Column: The real America

By Chuck Prochaska

As vacations go, I’m what people generally classify as a snob. I refuse to drive anywhere for longer than 3 hours, and, considering there is nowhere in a 3-hour radius I would want to vacation, flight is my only option of travel. If it’s not a four-star resort or hotel, I’m really not interested. I need a health club with sauna and steam room, a friendly concierge and daily turndown service complete with a chocolate on my pillow.

My spring break included none of these amenities, and it was the most enjoyable and ideologically reaffirming trip of my life.

My fraternity brothers and I left Champaign, Ill., at 1830 hours on Friday, March 18, in a six-car caravan. Destination: Panama City Beach, Florida. We lit up Puerto Rican cigars, my roommate pounded the gas of his ’97 Firebird, and we were on our way. We had a 15-hour drive ahead of us, but it didn’t seem to matter.

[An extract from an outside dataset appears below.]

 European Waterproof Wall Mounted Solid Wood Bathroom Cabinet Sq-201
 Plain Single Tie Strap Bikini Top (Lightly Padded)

After a lackluster trip through Indiana, which looked a lot like Illinois, we crossed the Ohio River and hit the beautiful town of Louisville, Ky., home to one of my brothers in the convoy. It was midnight, but his mother was awake and had prepared a meal of “the best ribs in Kentucky,” complemented with cornbread, green beans and Red Coke. It was official. We were in the South. The food was delicious and the people were friendly.

Upon reaching a rural gas station outside Nashville, Tenn., I had an epiphany that would last all my life: I was submerged in the Real America.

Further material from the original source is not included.